China’s growing influence has been on display at the first global Web summit hosted by the government’s cyberspace regulator this week in the Venice-like town of Wuzhen, in eastern China’s Zhejiang Province. Speakers include the chief executive officers of China’s Tencent, Baidu and Alibaba Group Holding Ltd., as well as those from Japan’s SoftBank Corp. and U.S. chipmaker Qualcomm Inc. One of the aims is to show that China is ready to shoulder greater responsibility over Internet governance and development, state news agency Xinhua said.
The head of the country’s Internet regulator, Lu Wei, has said China should play a bigger role in Web governance. China has the biggest Internet population and four of the top 10 Internet companies, state-run Xinhua cited Lu as saying last month. Responding to questions about access to censored websites, he said it was in accordance with Chinese law.
“China has always been hospitable to the outside world, but I can choose who will be a guest in my home,” said Lu, according to the Xinhua report.
The Internet has been loosely managed by groups of engineers who reached technical standards or organizations that included representatives from business, academia and civil society.

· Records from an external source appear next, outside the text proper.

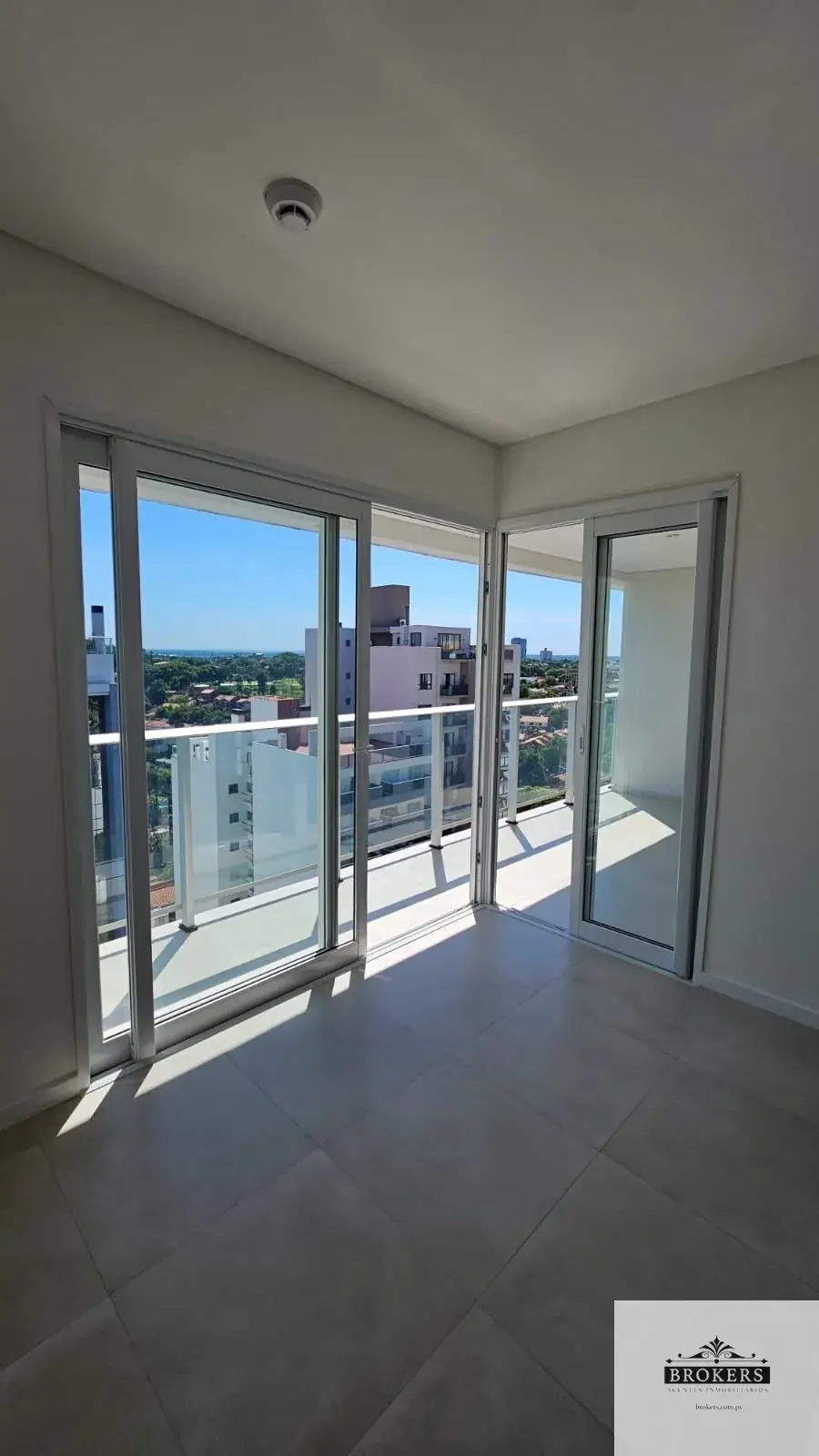2-Bedroom Apartment for Sale in Carmelitas, Asunción - Image 12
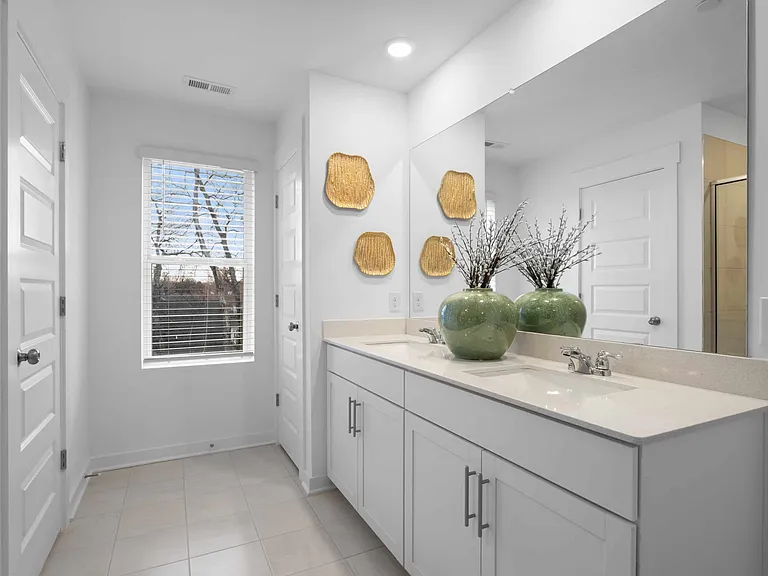 Vinewood Townhomes — Photo 16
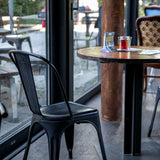 Svart Bistrostol VANTAGGIO BRUSH med svängd ryggstöd vid ett runt bord från hjh OFFICE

Supporters said that system fostered a more freewheeling Internet, while critics say it favored American interests and trampled sovereign rights.
China, along with Russia and countries from the Middle East, want to put governance under the United Nations’ International Telecommunication Union, said Danielle Kehl, a policy analyst at New America’s Open Technology Institute. In October, for the first time a Chinese national, Zhao Houlin, who joined the union in 1986, was appointed its head.
Zhao has advocated for a greater role for government in the development of the Web. In a 2011 interview with Chinese state-owned newspaper Global Times, he said governments should have a bigger say over the allocation of IP addresses, the virtual address that allows computers to communicate over the Web, and said that the U.S. had too many addresses relative to China.
China is lobbying for a greater role in the Internet Corporation for Assigned Names and Numbers, the organization created in 1998 to assign individual addresses so computers can communicate with each other. ICANN had been operating under contract with the U.S. Department of Commerce, a contract that is set to expire. China is expected to be among the countries pushing to let governments have a vote in ICANN decisions, said Song Zheng, the head of ICANN’s Beijing office.
At stake is the answer to this question: “Who is the Internet for?” MacKinnon said. “The Chinese government takes the nationalistic approach. It’s up to the government to represent their people’s interest in determining what the Internet should be.”